Motivation

The deadline for the CEC 2015 Special Session on DMOO is now 20 January. Even though the CEC website says 16 January, the submission site will stay open until 20 January 2015.

Most real-world optimization problems have more than one objective, with at least two objectives that are in conflict with one another. The conflicting objectives of the optimization problem lead to an optimization problem where a single solution does not exist, as is the case with single-objective optimization problems (SOOPs). In stead of a single solution, a set of optimal trade-off solutions exists, referred to as the Pareto-optimal front (POF) or Pareto front. This kind of optimization problems are referred to as multi-objective optimization problems (MOOPs).
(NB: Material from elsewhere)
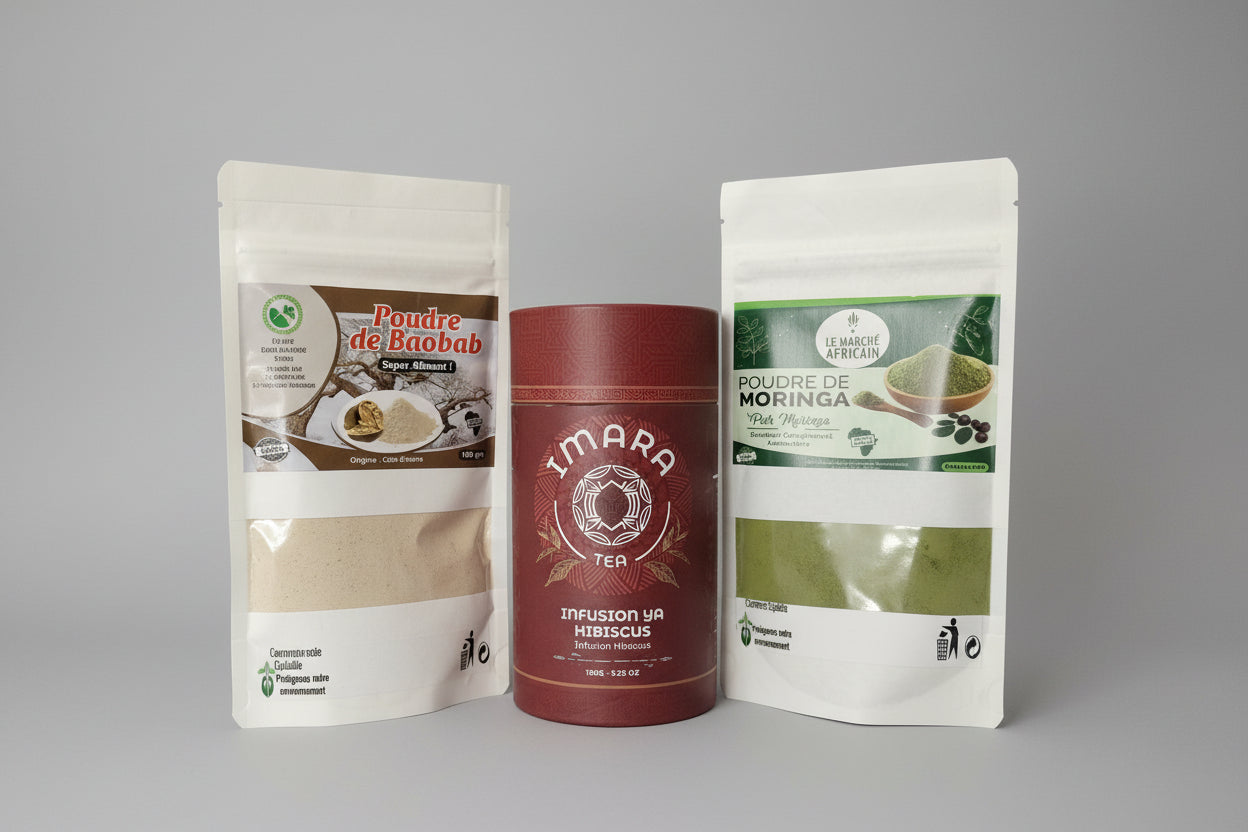 pack immunité poudre de baobab poudre de moringa infusion d'hibiscus mon panier afro 100% naturel bio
In many real-world situations the environment does not remain static, but is dynamic and changes over time. However, in recent years most research was focussed on either static MOOPs or dynamic SOOPs. When solving dynamic multi-objective optimization problems (DMOOPs) an algorithm has to track the changing POF over time, while finding solutions as close as possible to the true POF and maintaining a diverse set of solutions. Some of the major challenges in the field of dynamic multi-objective optimization (DMOO) are a lack of a standard set of benchmark functions, a lack of standard performance measures, issues with performance measures currently being used for DMOO and a lack of a comprehensive analysis of existing algorithms applied to DMOO.

Therefore, this special session aims to highlight the latest developments in dynamic multi-objective optimization (DMOO) in order to bring together researchers from both academia and industry to address the above mentioned challenges and to explore future research directions for the field of DMOO.

A companion competition on Dynamic Multi-objective Optimization will be organized in conjunction with this special session. The aim of the competition is to address the lack of a comprehensive comparison of DMOO algorithms by providing a platform that encourages a fair comparison of the algorithms. The competition allows participants to run their own DMOO algorithms on 12 benchmark functions with a range of characteristics and complexity for 8 different environments (8 different change frequency and change severity combinations).